Multiple American newspapers gave reviews of the novel, although notably, Harper's did not review the novel. North American and United States Gazette called it "a sketchy affair" with occasional humor that peeks out "though buried under quite too many words." The Evening Transcript from Boston praised Melville's treatment of the archetypal confidence man and described Melville as dealing "equally well in the material description and the metaphysical insight of human life." Boston's Daily Times was less generous, calling it "ineffably meaningless and trashy." In Maine: "We have found it hard reading." In the recently discovered longer reviews, the Troy Daily Whig found how Melville puts the confidence man on display "entirely original". The Bangor Daily Whig in Maine wrote that the novel "has a good deal of sound philosophy in it, but some of the incidents of humbuggery." The monthly newspaper United States Journal acknowledged the craftsmanship of the novel, but was highly critical of it, calling it a "desecration of the fine talents and affluent genius of the author. [...] Satire that has no mellowness is inhuman; we are made worse rather than better from it."

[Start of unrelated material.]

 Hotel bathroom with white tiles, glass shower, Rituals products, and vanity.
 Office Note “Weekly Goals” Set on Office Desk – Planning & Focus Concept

Reviews from London were more in-depth and saw Melville's change in style as a sign of his development as an author, while being conscious of the book's flaws. Elizabeth Foster attributes England's interest to the book's "sharp satire on the American scene." The Athenaeum called the novel a "moral miracle-play" for its focus on how various characters interact in dialogue with the confidence man, either as credulous dupes or would-be followers. They acknowledged that Melville's style is "one, from its peculiarities, difficult to manage" but that he "pours his colours over the narration with discretion as well a prodigality", concluding that the novel was "invariably graphic, fresh, and entertaining." London's Leader described Melville's style as full of "festoons of exuberant fancy" interspersed with descriptions of the American steamboat and surrounding landscape. They praised Melville's use of satire, and criticized his habit of "discours[ing] upon too large a scale" and keeping his characters too rigid. A review from Literary Gazette was not as generous and described the book not as a novel, but as a series of forty-five conversations, which "so far resembling the Dialogues of Plato as to be undoubted Greek to ordinary men." The review continued to criticize the style as long-winded and obscure. They conceded that "this caldron, so thick and slab with nonsense, often bursts into the bright, brief bubbles of fancy and wit" and concluded that the book was ruined with "strained effort after excessive originality." A review at Spectator did not appreciate the "local allusions" in the work, and found the satirical style to be "drawn from the European writers of the seventeenth and eighteenth centuries, with some of Mr. Melville's own Old World observations superadded." Foster noticed that many contemporary reviewers failed to realize that the book's overall tone was deeply pessimistic and criticizing Christianity.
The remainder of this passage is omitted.